Northern elephant seals are earless seals (true seals). This species is among the largest of all seals, second only to the Southern elephant seal.

Adult (Average) Size: Male: up to 14′, 4,400 lbs. Female: up to 10′, 1,300 lbs.
Habitat: Temperate waters; subtropical sandy beaches during breeding and  molting times
Range: Gulf of Alaska south to Baja California; Breeds on islands from Farollons off California coast south to Benito Island off Baja California. (California rookeries at Ano Nuevo, Pt. Reyes, Big Sur, and Channel Islands)

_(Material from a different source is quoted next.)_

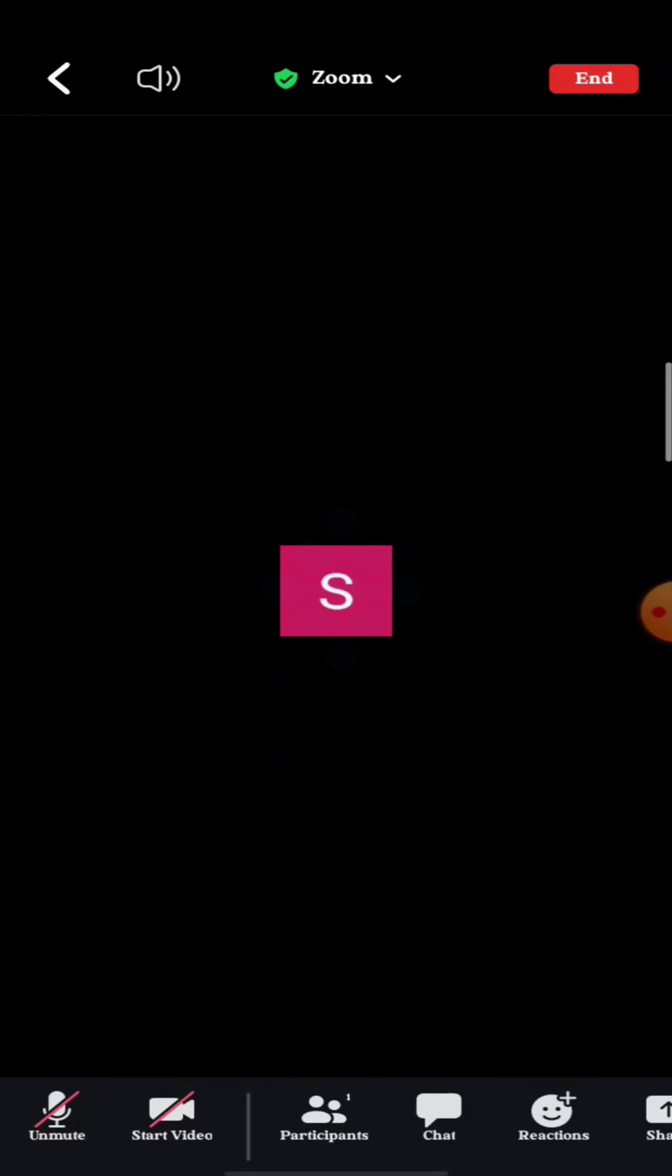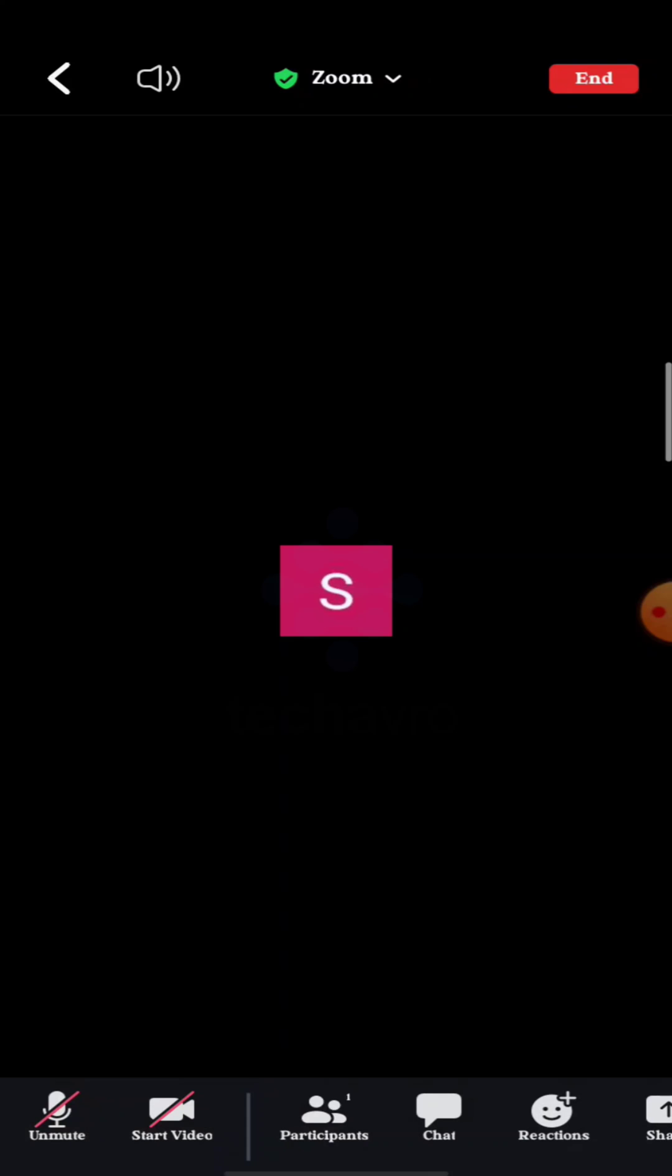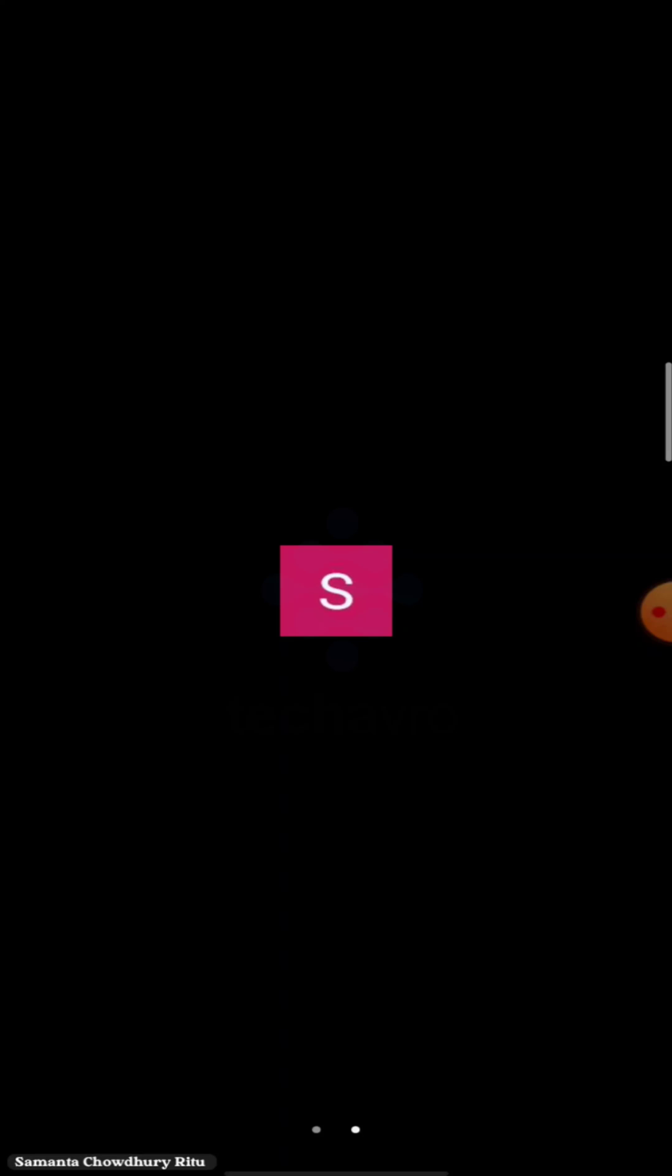You can see your audio is muted. If you want to unmute your audio again, tap on unmute. And that's how you can mute or unmute your audio on Zoom meetings.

Migratory Patterns: Long‑distance seasonal migrations
Social Organization During Breeding: Colonial; moderate sized to extremely large groups
Mating Behavior: Polygynous
Sexual Maturity: Male: 5 years; Female: 2 to 6 years
Mating Season: Mid‑February
Gestation Period: 11 months (4 months delayed implantation)
Pupping Season: December to mid‑March (peak pupping season: Late January ‑ early February)
Size at Birth: 3 ‑ 5 ft. (60 – 80 lbs.)
Lactation (Nursing) Period: 22 ‑ 29 days approximate
Usual Diet: Squid, small sharks, rays and other deep water species
Amount of Food per Day: Juvenile: 10 lbs. to 12 lbs.; Adults: 50 lbs. to 100 lbs.
Predators: Orcas and great white sharks
Diving Depth: Average Dive: 450 ft. Have been recorded to dive to depths of 5,000 ft.
Submersion Times: They can easily remain submerged for 20 minutes, with a maximum of 119 minutes
Longevity: Average lifespan for most pinnipeds is estimated to be from 15 to 25 years.  Females generally longer than males.